Work order: Exactly as written, return all the data, leaving its pictures behind.

Dataset excerpt:
□ □ □ □ □

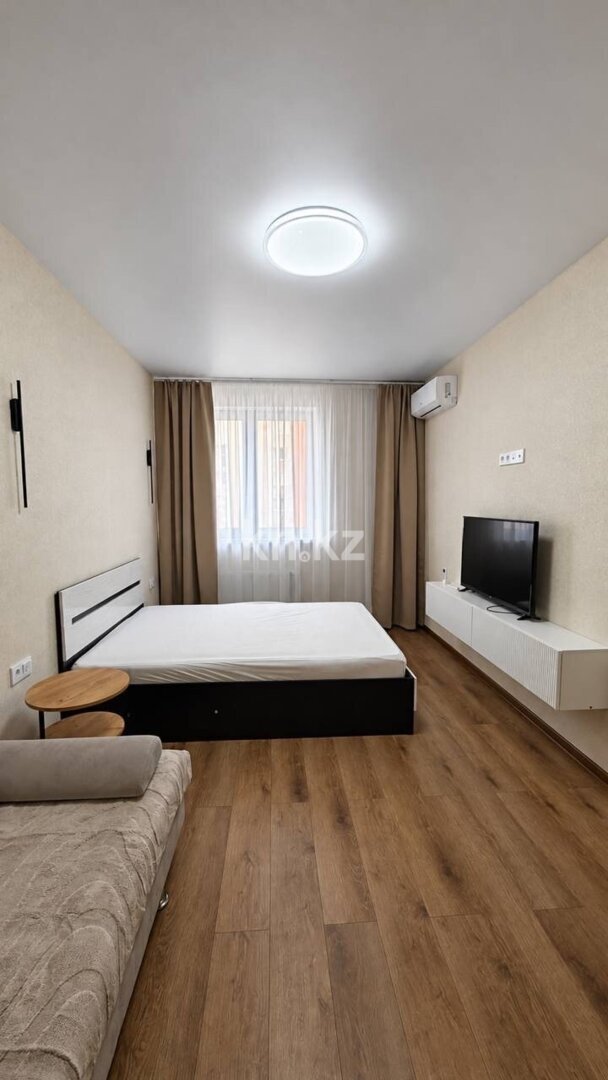 Аренда 1-комнатной квартиры, 44 м² в Астане - фото 8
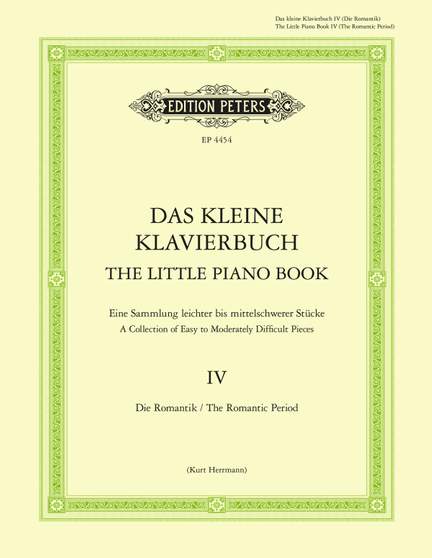 Franz Schubert: Ecossaisen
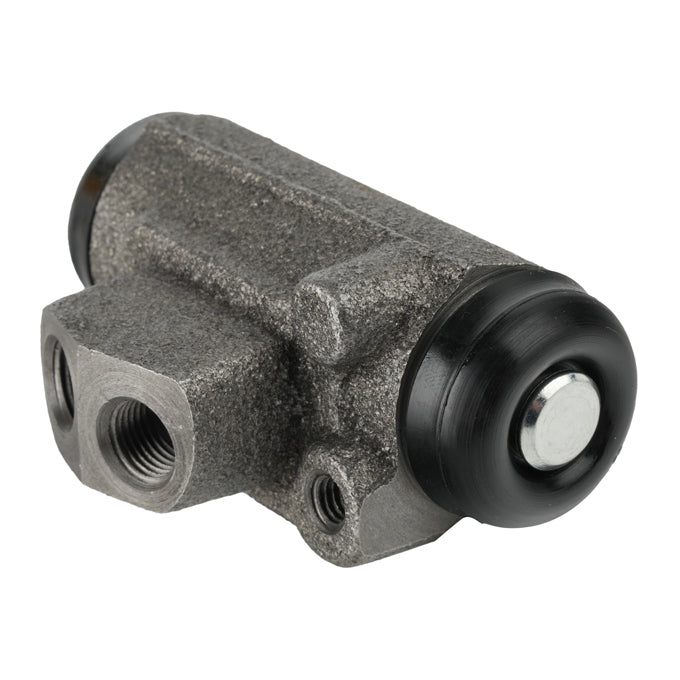 DBA Wheel Cylinder DBAWC2894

□ □ □ □ □

Your response:
 Аренда 1-комнатной квартиры, 44 м² в Астане - фото 8
 Franz Schubert: Ecossaisen
 DBA Wheel Cylinder DBAWC2894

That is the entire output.